What to work on => Directions for the data below: repeat exactly the lines from the one with "МОКАСИНИ ОТ ЕСТЕСТВЕН ВЕЛУР В ЦВЯТ КОРАЛ" through the one with "Fototapeta premium A", both included, and omit all pictures.

*** Begin section ***

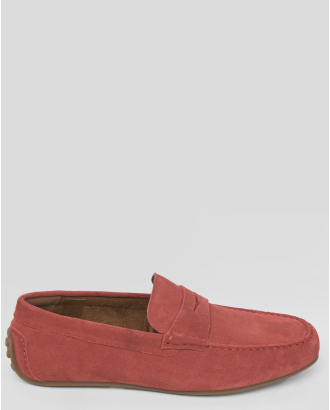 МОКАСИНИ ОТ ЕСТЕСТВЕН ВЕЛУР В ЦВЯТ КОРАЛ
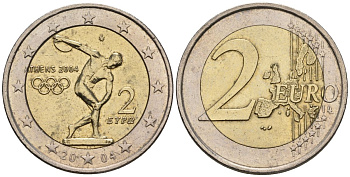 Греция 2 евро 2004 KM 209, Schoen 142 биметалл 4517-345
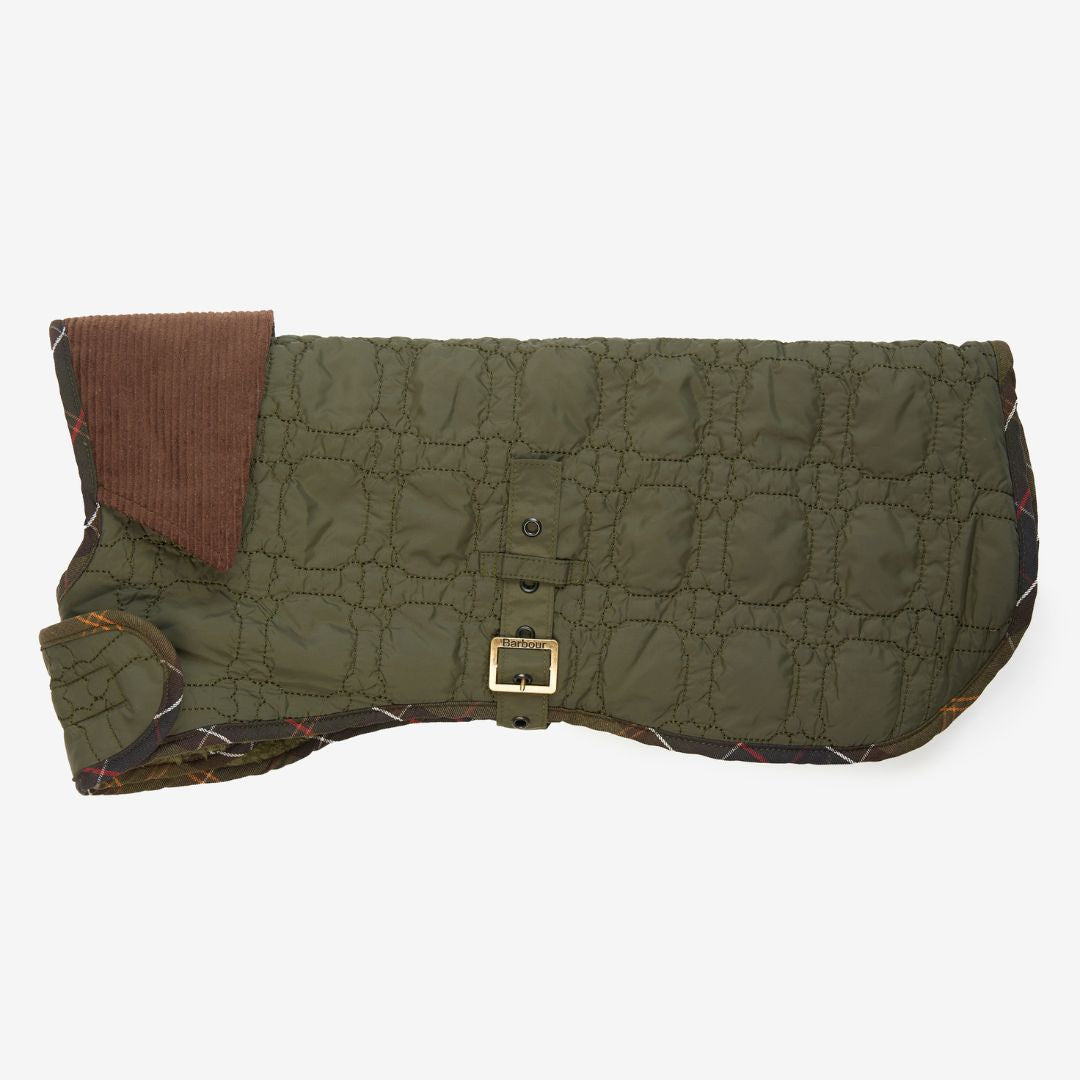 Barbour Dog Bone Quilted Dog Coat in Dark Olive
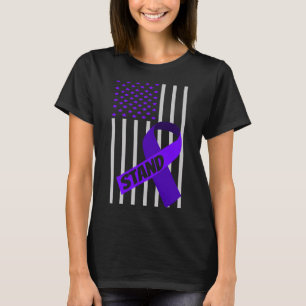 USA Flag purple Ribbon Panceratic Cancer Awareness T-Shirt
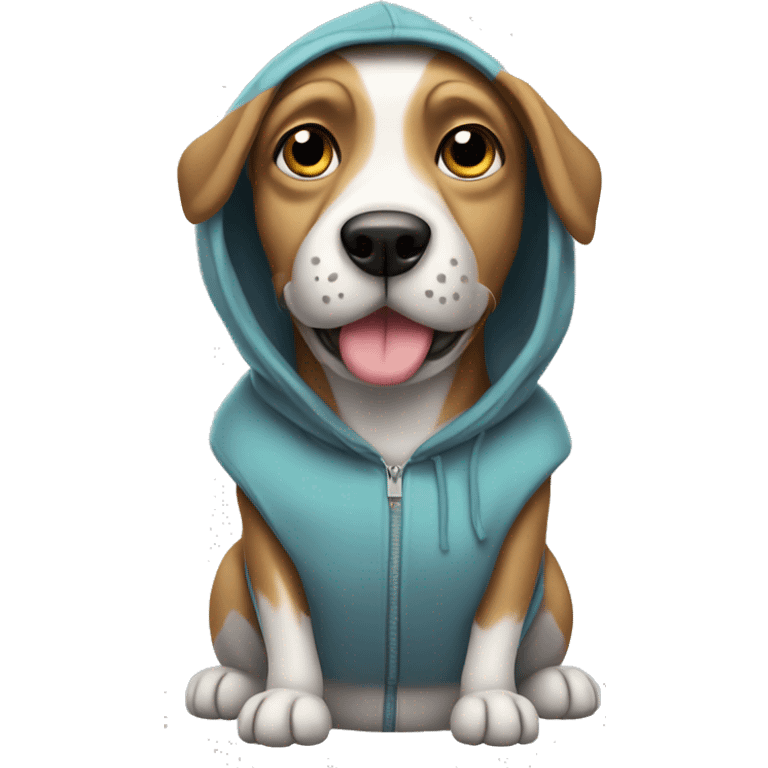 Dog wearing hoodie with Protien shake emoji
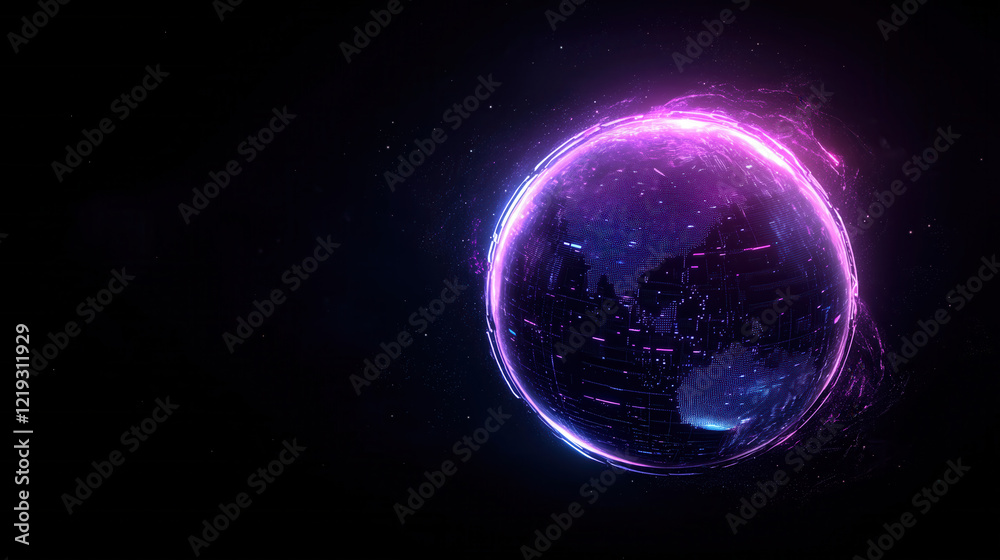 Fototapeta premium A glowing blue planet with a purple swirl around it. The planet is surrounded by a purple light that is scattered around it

*** End section ***
*** Begin section ***

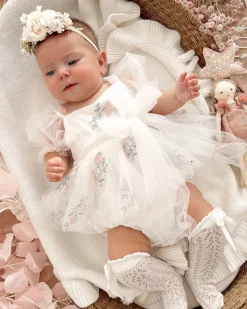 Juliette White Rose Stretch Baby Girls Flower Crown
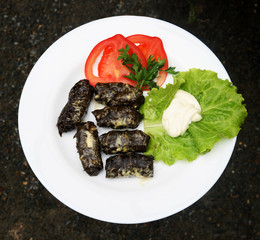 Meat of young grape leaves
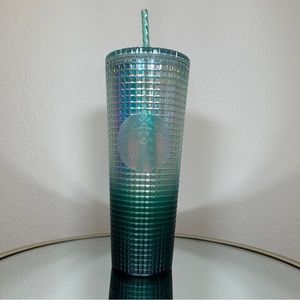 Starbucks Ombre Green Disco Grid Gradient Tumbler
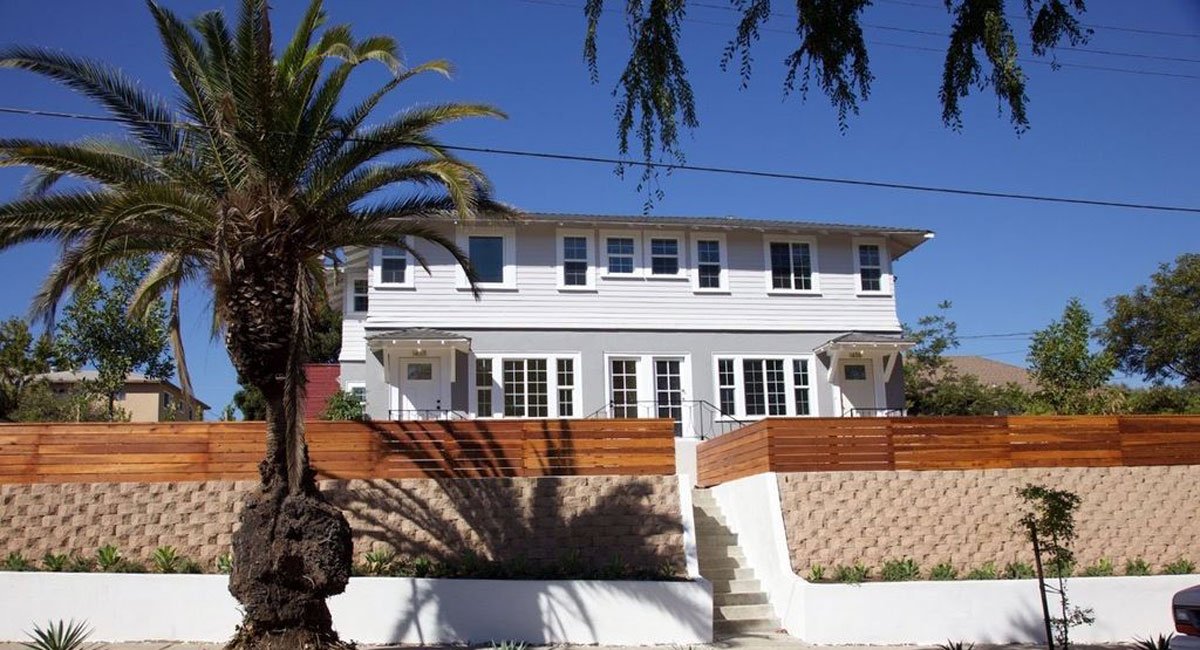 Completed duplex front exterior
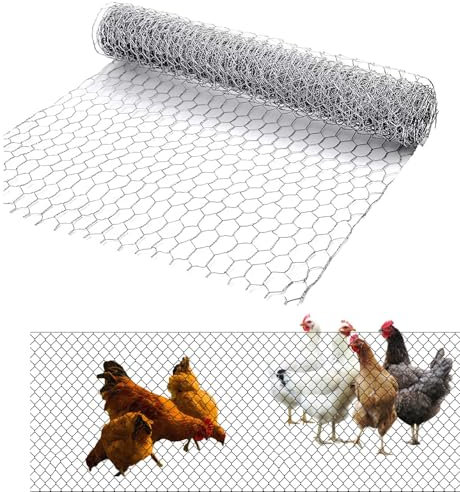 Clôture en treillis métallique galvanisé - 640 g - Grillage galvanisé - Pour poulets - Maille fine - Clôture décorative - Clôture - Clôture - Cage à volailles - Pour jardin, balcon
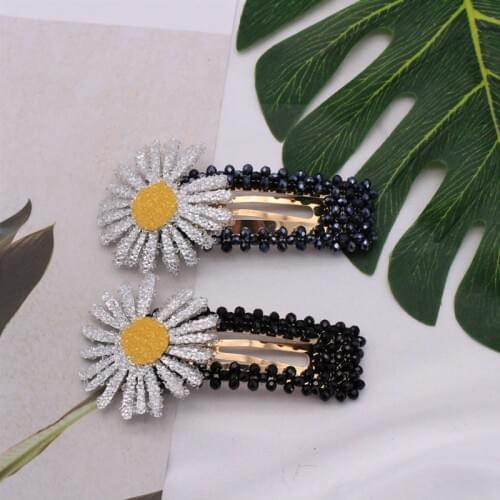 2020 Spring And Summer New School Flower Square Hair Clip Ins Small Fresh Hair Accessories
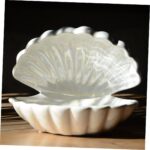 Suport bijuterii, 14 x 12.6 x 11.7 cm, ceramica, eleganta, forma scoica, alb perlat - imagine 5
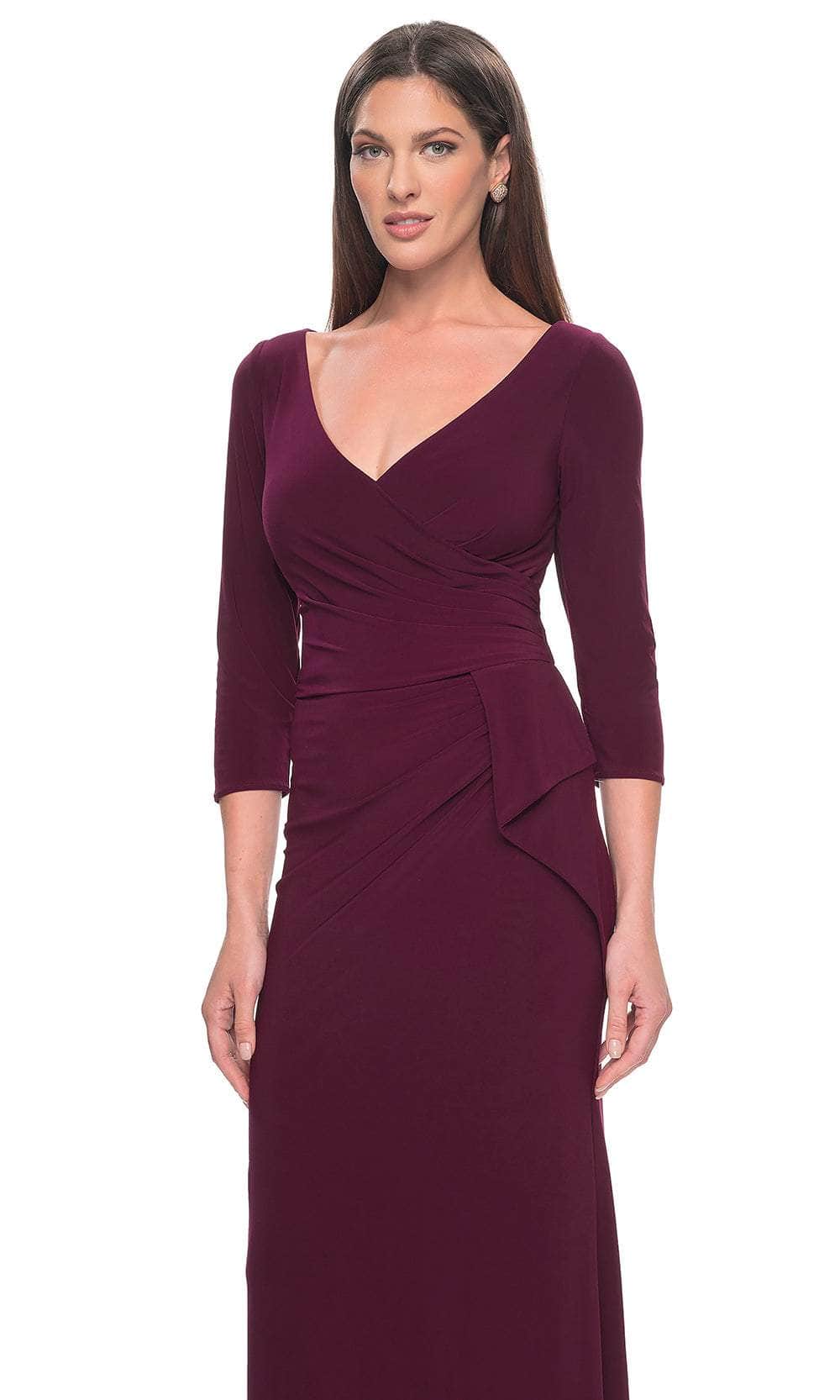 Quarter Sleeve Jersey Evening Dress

*** End section ***

Answer for this exercise =>
 МОКАСИНИ ОТ ЕСТЕСТВЕН ВЕЛУР В ЦВЯТ КОРАЛ
 Греция 2 евро 2004 KM 209, Schoen 142 биметалл 4517-345
 Barbour Dog Bone Quilted Dog Coat in Dark Olive
 USA Flag purple Ribbon Panceratic Cancer Awareness T-Shirt
 Dog wearing hoodie with Protien shake emoji
 Fototapeta premium A glowing blue planet with a purple swirl around it. The planet is surrounded by a purple light that is scattered around it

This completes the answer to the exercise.